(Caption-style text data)
____________

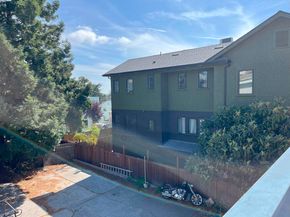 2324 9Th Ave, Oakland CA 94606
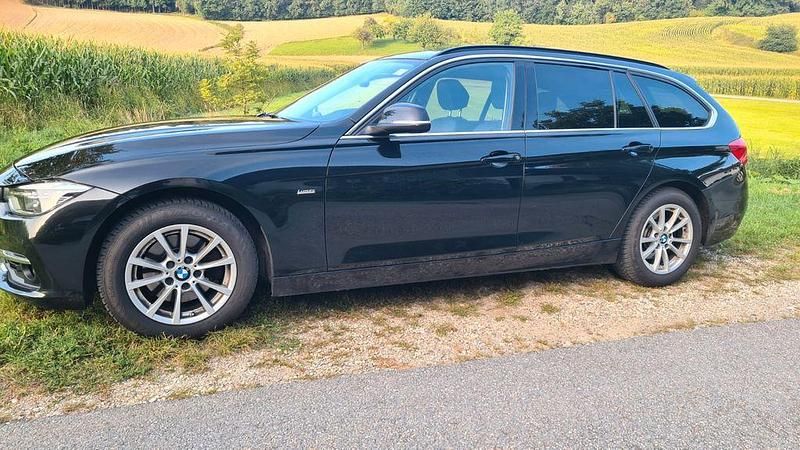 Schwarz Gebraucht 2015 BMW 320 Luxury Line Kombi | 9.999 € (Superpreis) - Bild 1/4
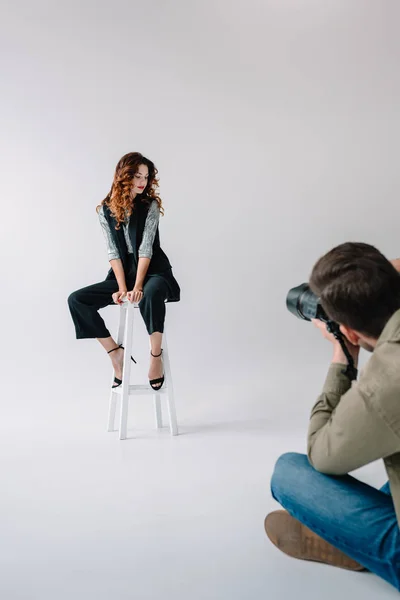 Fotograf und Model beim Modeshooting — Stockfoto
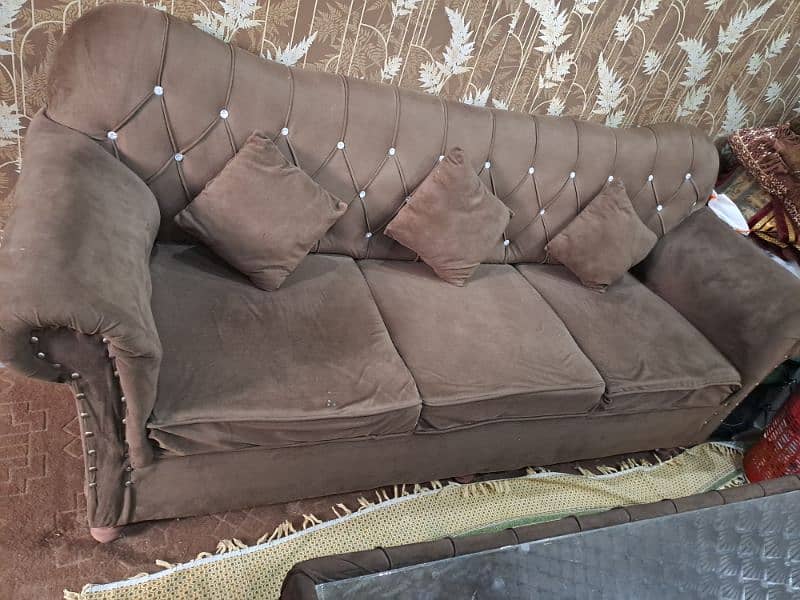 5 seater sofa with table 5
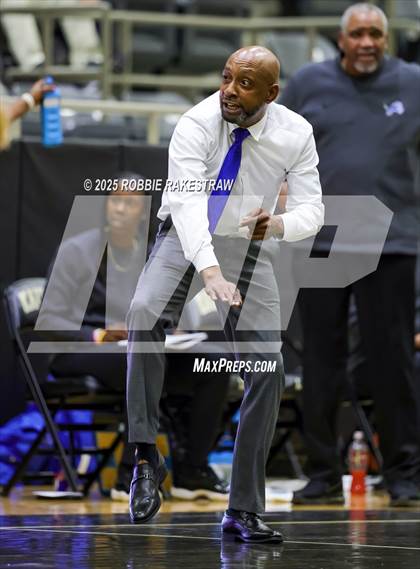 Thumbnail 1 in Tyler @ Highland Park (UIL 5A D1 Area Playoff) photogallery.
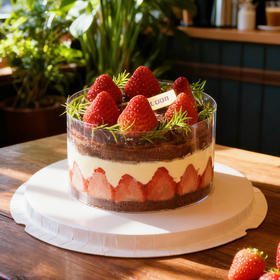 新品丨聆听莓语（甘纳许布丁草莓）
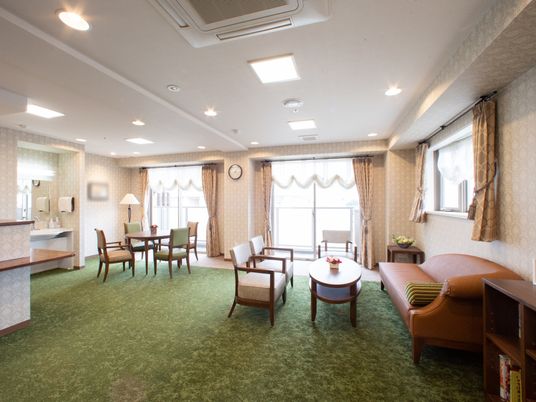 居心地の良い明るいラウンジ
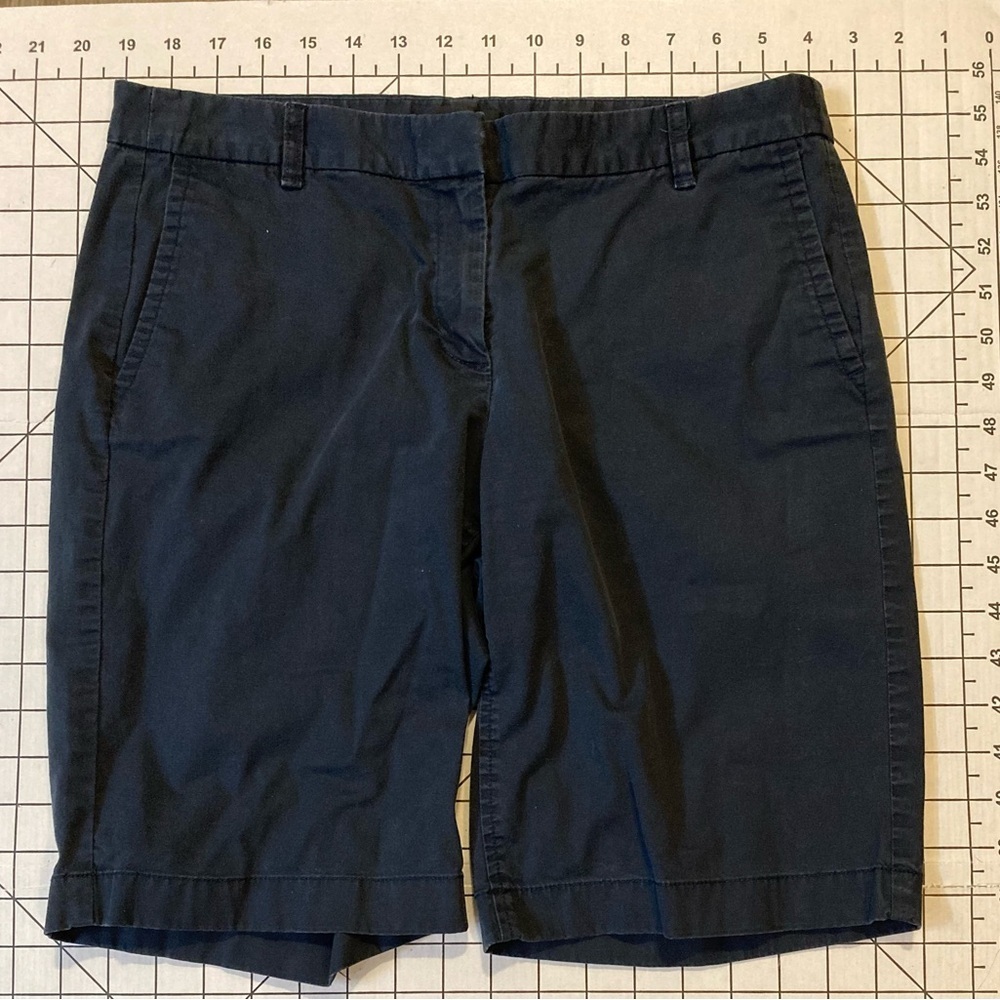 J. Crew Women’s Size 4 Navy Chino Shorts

____________

Problem details
Make an exact copy of every record, pictures excluded.

Solution to this problem
 2324 9Th Ave, Oakland CA 94606
 Schwarz Gebraucht 2015 BMW 320 Luxury Line Kombi | 9.999 € (Superpreis) - Bild 1/4
 Fotograf und Model beim Modeshooting — Stockfoto
 5 seater sofa with table 5
 Thumbnail 1 in Tyler @ Highland Park (UIL 5A D1 Area Playoff) photogallery.
 新品丨聆听莓语（甘纳许布丁草莓）
 居心地の良い明るいラウンジ
 J. Crew Women’s Size 4 Navy Chino Shorts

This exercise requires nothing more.